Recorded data
-=-=-
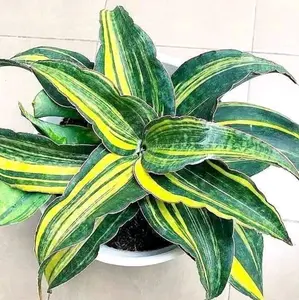 Sansevieria macrkophylla variegata size anakan / Tanaman Hias / Lidah Mertua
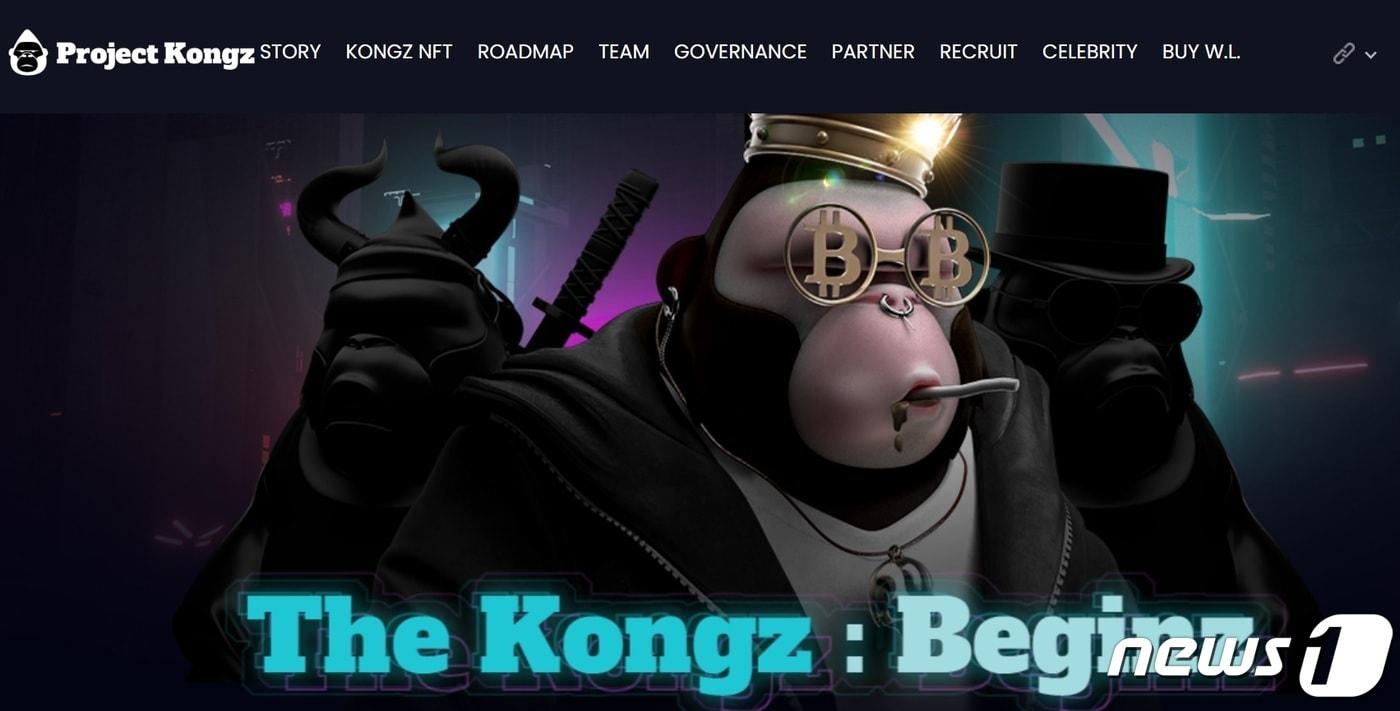 메타콩즈 NFT 프로젝트. (메타콩즈 공식 홈페이지 캡처)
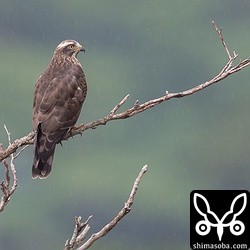 雨の中、サシバが枝に止まって獲物を探していた。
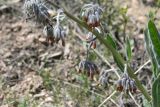 Rindera oblongifolia. Часть побега с соцветиями. Узбекистан, Ташкентская обл., зап. отроги Чаткальского хр., гора Бол. Чимган, Песочный перевал. 01.05.2011.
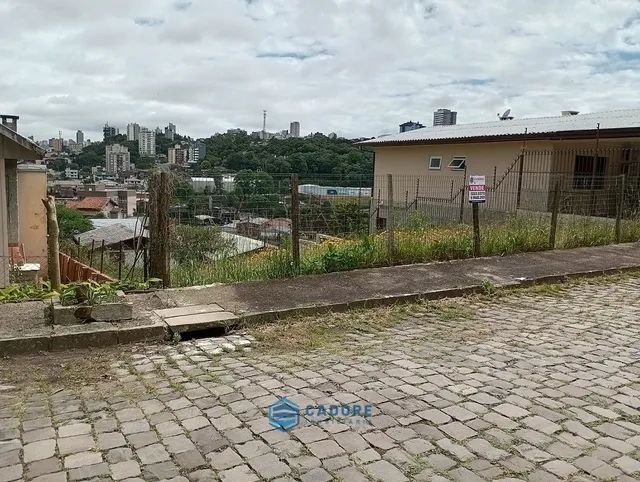 Terreno no Salgado Filho - Foto 3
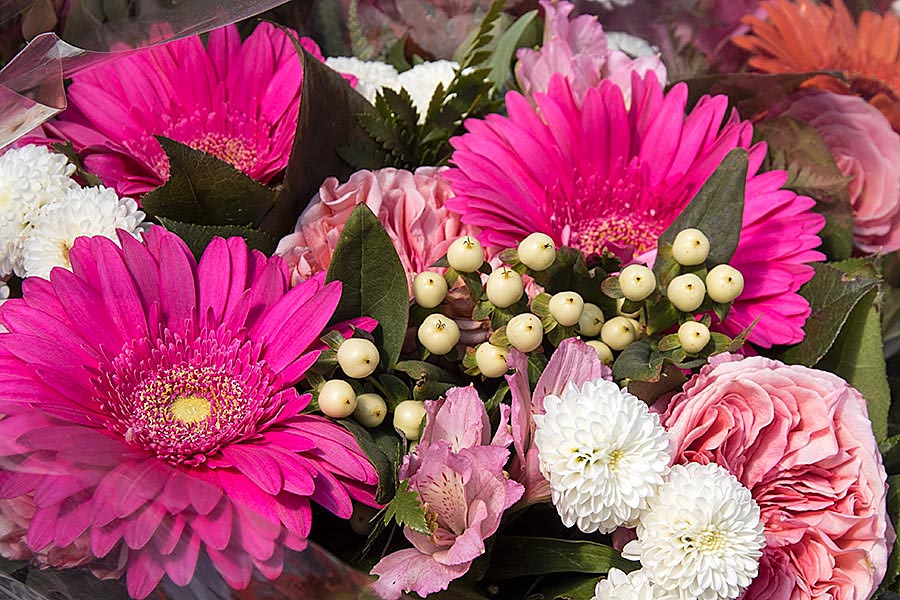 Pink Bergera Daisies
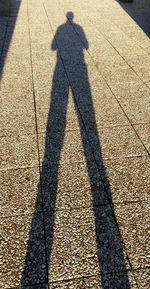 Shadow of people on road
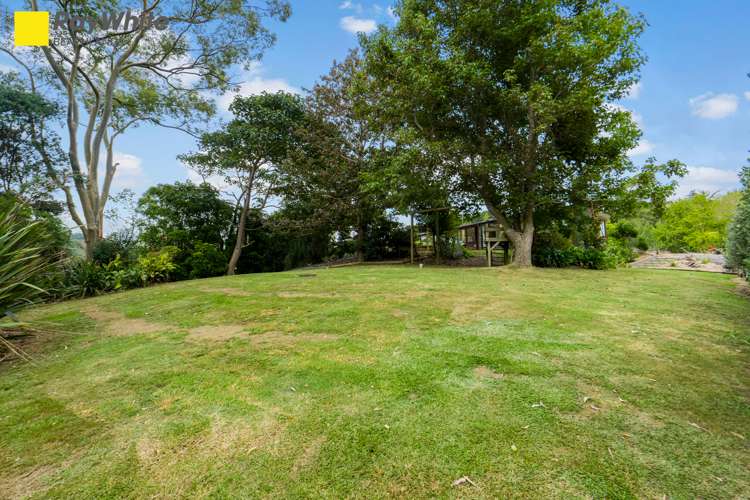 156 Ara-Kotinga Whitford_23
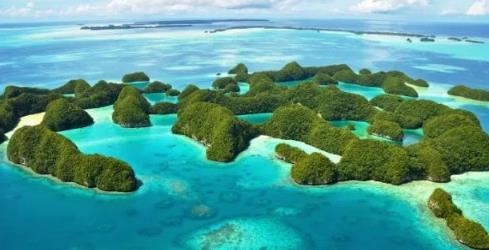 海洋奇观 海洋奇观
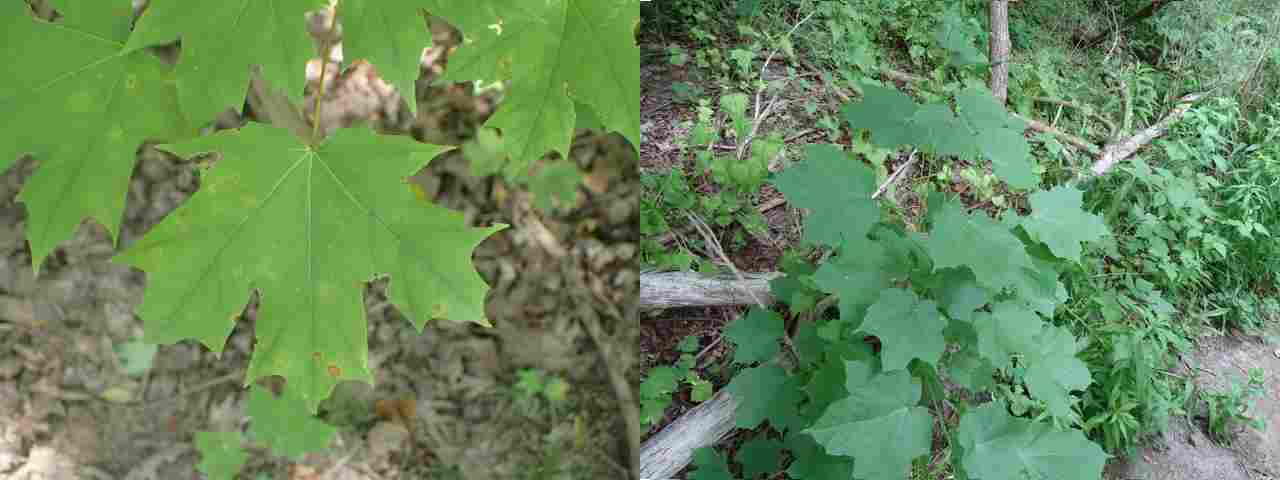 Sugar Maple vs Black Maple image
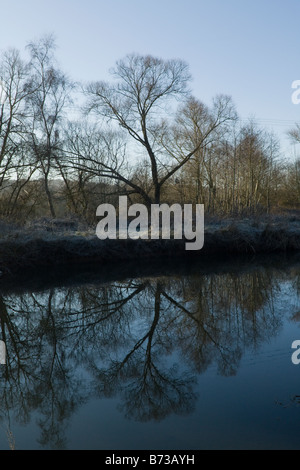 Bäume spiegeln sich in Fluss Stockfoto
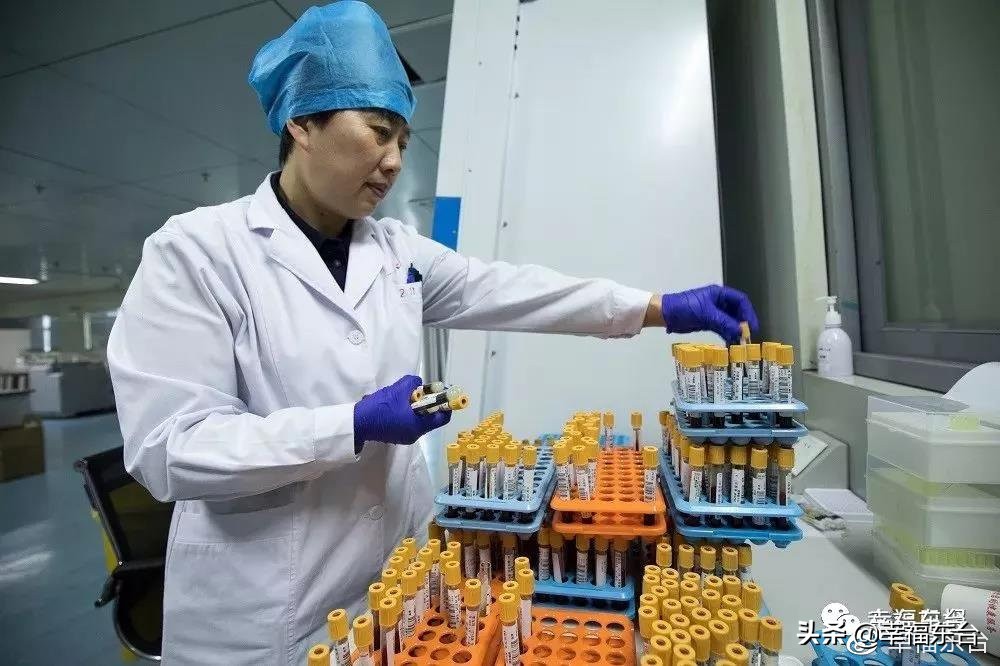 把医生装进口袋里,把医生装进口袋图片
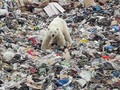 FOTO: Beruang Kutub Makan Sampah di Rusia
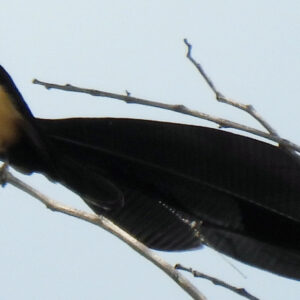 Broad-tailed_Paradise_Whydah_Vidua_obtusa,_Livingstone,_Zambia_1 Breedstaartparadijswida (Vidua obtusa)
-=-=-
Word for word, write out the lines from the top of the records above down to the line holding "把医生装进口袋里,把医生装进口袋图片", inclusive, but not the pictures.

 Sansevieria macrkophylla variegata size anakan / Tanaman Hias / Lidah Mertua
 메타콩즈 NFT 프로젝트. (메타콩즈 공식 홈페이지 캡처)
 雨の中、サシバが枝に止まって獲物を探していた。
 Rindera oblongifolia. Часть побега с соцветиями. Узбекистан, Ташкентская обл., зап. отроги Чаткальского хр., гора Бол. Чимган, Песочный перевал. 01.05.2011.
 Terreno no Salgado Filho - Foto 3
 Pink Bergera Daisies
 Shadow of people on road
 156 Ara-Kotinga Whitford_23
 海洋奇观 海洋奇观
 Sugar Maple vs Black Maple image
 Bäume spiegeln sich in Fluss Stockfoto
 把医生装进口袋里,把医生装进口袋图片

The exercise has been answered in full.